Even while chafing, identifying as a woman was optimization for what features I had. With long permed hair, my mother extoled the benefits of taking advantage of my youth and femininity; “It will help you get ahead,” she said, with the confidence of someone whose career had genuinely benefited from beauty. As someone without a career to speak of, yet, it seemed foolish to throw away what tools I had to work with.

But, beyond the rewards of being willing to work on the system's terms, I was unwilling to bear the friction and tension of not working on its terms. My contrarian instincts never manifested in meaningful divestment from the system; instead, they took the form of token protest: a lasting resistance to spending time on clothes, make-up, and hair, as well as an unwillingness to optimize my digital presence, despite how necessary it seemed for my desired career.

I feel I'm still caught in its maws: coming out in furtive spurts, only in safe circles; finally making a website, as a concession to the precariousness of our current existence in which I may need to scramble for more work, who in bloody hell knows...

But, to answer Jia's question at the end of the chapter:

| “What do you want—what desires, what forms of insubordination, would you be able to access—if you had succeeded in becoming an ideal woman, gratified and beloved, proof of the efficiency of a system that magnifies and diminishes you every day?”

I haven't succeeded in becoming an ideal woman (too fucking lazy for that), but my act of insubordination is opting out of the womanhood I've been cast into. Opting out of either/or gender identity.

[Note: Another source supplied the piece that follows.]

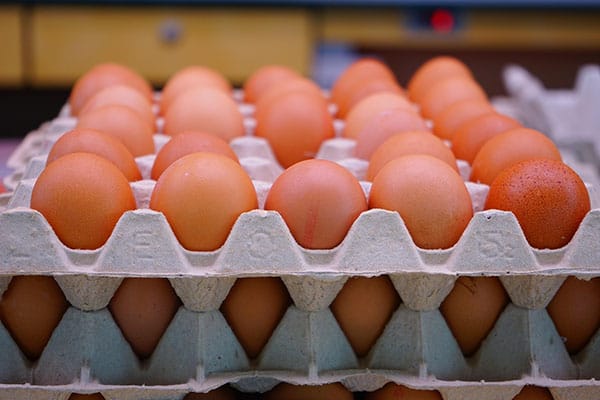 10 Alimentos fundamentales para tener un cuerpo 10 9 Huevos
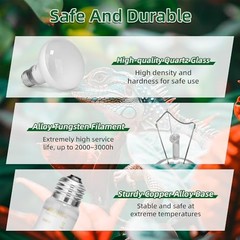 100W Reptile UVA Basking Heat Bulbs 2 Pack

But, finally, with that small act of resistance, it feels as if I've wedged my foot in the door. Though it's just a personal symbol of resistance, it's helped me finally feel like there is enough of myself in alignment that I can speak without feeling like a fraud. It's helped me cast off some of the self-loathing and depression that seems baked into modern living in the U.S.. I'm now able to enjoy my own company, which translates to spending less time anesthetized by the creative outpourings of others (who are better, more authentic) and more time with my creative self, which, in turn, finally allowed me to start what feels like a sustainable daily art practice.

I've long wanted to establish artistic discipline; I didn't realize that what I needed first was to feel like a genuine human being.